There are several types of noise that can affect the actual pixel readout. They can be caused by either geometric, physical and electronic factors, and they can be randomly distributed as well as constant. Some of them are presented below:

  • Shot noise is a consequence of the discrete nature of light. When light intensity is very low - as it is considering the small surface of a single pixel – the relative fluctuation of the number of photons in time will be significant, in the same way as the heads or tails probability is significantly far from 50% when tossing a coin just a few times. This fluctuation is the shot noise.
  • Dark current noise is caused by the electrons that can be randomly produced by thermal effect. The number of thermal electrons, as well as the related noise, grows with temperature and exposure time.
  • Quantization noise is related to the conversion of the continuous value of the original (analog) voltage value to the discrete value of the processed (digital) voltage.
  • Gain noise is caused by the difference in behavior of different pixels (in terms of sensitivity and gain). This is an example of ‘constant noise’ that can be measured and eliminated.


Sensitivity is a parameter that quantifies how the sensor responds to light. Sensitivity is strictly connected to quantum efficiency, that is the fraction of photons effectively converted into electrons.

Dynamic range

Dynamic range is the ratio between the maximum and minimum signal that is acquired by the sensor. At the upper limit, pixels appear to be white for every higher value of intensity (saturation), while pixels appear black at the lower limit and below.

The dynamic range is usually expressed by the logarithm of the min-max ratio, either in base-10 (decibel) or base-2 (doublings or stops), as shown below. Human eyes, for example, can distinguish objects both under starlight and on a bright sunny day, corresponding to a 90 dB difference in intensity. This range, though, cannot be used simultaneously, since the eye needs time to adjust to different light conditions.
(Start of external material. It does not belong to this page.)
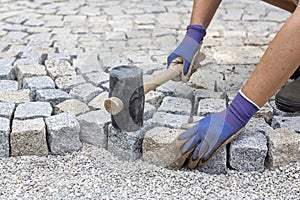 Paving works with granite stones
A good quality LCD has a dynamic range of around 1000:1, and some of the latest CMOS sensors have measured dynamic ranges of about 23000:1 (reported as 14.5 stops).


SNR (signal-to-noise ratio) considers the presence of noise, so that the theoretical lowest grey value as defined by the dynamic range is often impossible to achieve. SNR is the ratio between the maximum signal and the overall noise, measured in dB. The maximum value for SNR is limited by shot noise (that depends on the physical nature of light, and is this inevitable) and can be approximated as

`SNR_max = sqrt [ "maximum saturation capacity in electrons of a single pixel" ]`

SNR gives a limit on the grey levels that are meaningful in the conversion between the analog signal (continuous) and the digital one (discrete). For example, if the maximum SNR is 50 dB, a good choice is a 8 bit sensor, in which the 256 grey levels corresponds to 48 dB.

Using a sensor with higher grey levels would mean registering a certain degree of pure noise.

Spectral sensitivity

Spectral sensitivity is the parameter describing how efficiently light intensity is registered at different wavelengths. Human eyes have three different kinds of photoreceptors that differ in sensitivity to visible wavelengths, so that the overall sensitivity curve is the combination of all three. Machine vision systems, usually based on CCD or CMOS cameras, detect light from 350 to 900 nm, with the peak zone being between 400 and 650 nm. Different kinds of sensor can also cover the UV spectrum or, on the opposite side, near infrared light, before going to drastically different technology for far wavelengths such as SWIR or LWIR.

Spectral sensitivity


Especially on CMOS sensors, each pixel active area is surrounded and surmounted by circuitry and metal connections responsible for the image readout. This greatly reduces the amount of light which can be successfully detected. If the light rays are not perpendicular to the sensor surface it’s even worse, since they are reflected by near interconnections on the metal layers of the sensor chip.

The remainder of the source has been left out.